Delivering the keynote presentation at the Planning Institute of Jamaica 7th Labour Market Forum on Wednesday (September 18) at Jamaica Pegasus hotel, Pandohie emphasised that there is value in promoting migration, encouraging the powers that be not just to see migration as brain drain but as an economic enabler.

Speaking on the topic, 'Labour Migration: A Jamaican Perspective,' Pandohie argued for the training of more skilled professionals and tertiary graduates for the overseas market, linking such a move with improvements in our net remittances.

He made the point that remittance is one of the largest contributors to our gross domestic product (GDP) amounting to 15 per cent, which is at the same level as tourism, and in terms of dollar value is $US2.3 billion per year out of a total GDP of US$15.8 billion per year. According to the JMEA president, “every 7 per cent increase in remittance is equivalent to a 1 per cent increase in Jamaica's GDP,” arguing that any significant growth in remittances will lead to massive improvements in our GDP performance.

Pandohie contended, “equipping our people to take on occupations in other countries…is a critical part of growing Jamaica; they will earn money that will have a transformative impact on their families.”

He drew reference to the German economy, where direct migration was credited for a 0.1 per cent addition of its GDP growth, pointing out that the European powerhouse had to bring in skilled workers from overseas to fill many vacancies in the economy.

The Seprod Group CEO also cited Trinidad, which recently gave out 3,000 work permits to Venezuelans, pointing out that this wasn't an altruistic move, as Trinidad was desperate for these skilled workers. Turning to Guyana, Pandohie urged that Jamaica target skilled outward migration to the South American peninsula, which based on their recent oil find potentially could become the 12th-largest member of the Organization of Petroleum Exporting Countries (OPEC).

He explained that Guyana's population is just over 700,000, noting that the country is underpopulated and is in need of urgent skilled labour to grow its economy adding that the Caribbean doesn't have all this skilled labour that is needed to grow Guyana.

“Having said that, we should equip our people for outward migration, I strongly believe that they could be encouraged to migrate, but the flip side of that equation is that Jamaica must actively encourage immigration of the required skilled resources to fill the gap that will be created,” Pandohie articulated.
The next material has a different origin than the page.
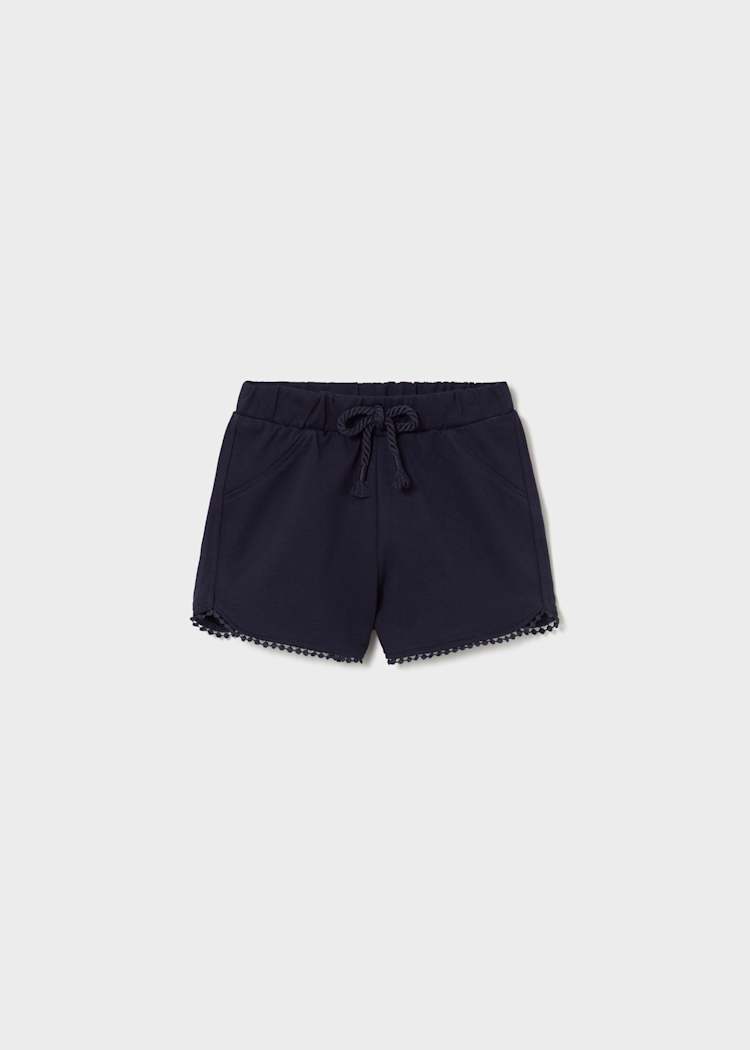 pantalon-corto-basico-de-chandal-bebe-marino-XL-4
The JMEA president made the point that he is not an advocate for barring foreigners from taking local jobs but rather is in favour of letting our people go and letting foreigners come in and replace them. He said that such a position runs counter to what his organisation advocated in the past, quipping that for such a position, he might be the shortest-serving JMEA president.

Pandohie further advocated for reducing the bureaucracy for work permits thus allowing skilled foreign nationals coming in to drive Jamaica's productivity, which is lagging behind its Caribbean neighbours and its competitors in the global market place.

He cited data from the Ministry of Labour and Social Security in which it issued some 3,000 work permits in 2017/2018, mostly in the construction sector, where there is a serious skill deficit.

On the issue of the diaspora, Pandohie encouraged them to invest their remittance in productive endeavours rather than merely to send money for household purchases, arguing that such a move would more result in economic growth for Jamaica.

The theme of this year's Labour Market Forum was 'Harnessing Labour Migration for Development: Improving Governance Mechanisms' and heard presentations from experts in the field from Jamaica, St Lucia, Grenada, Barbados, Caribbean Community (CARICOM) Secretariat and the Organisation of Eastern Caribbean States. This year's forum focused on labour migration and how it can be an enabler of development.

The forum emphasised governance and data collection and institutional reform for effective and efficient service delivery to migrants. Past fora have examined various topics such as unemployment insurance and labour market reform, inter alia.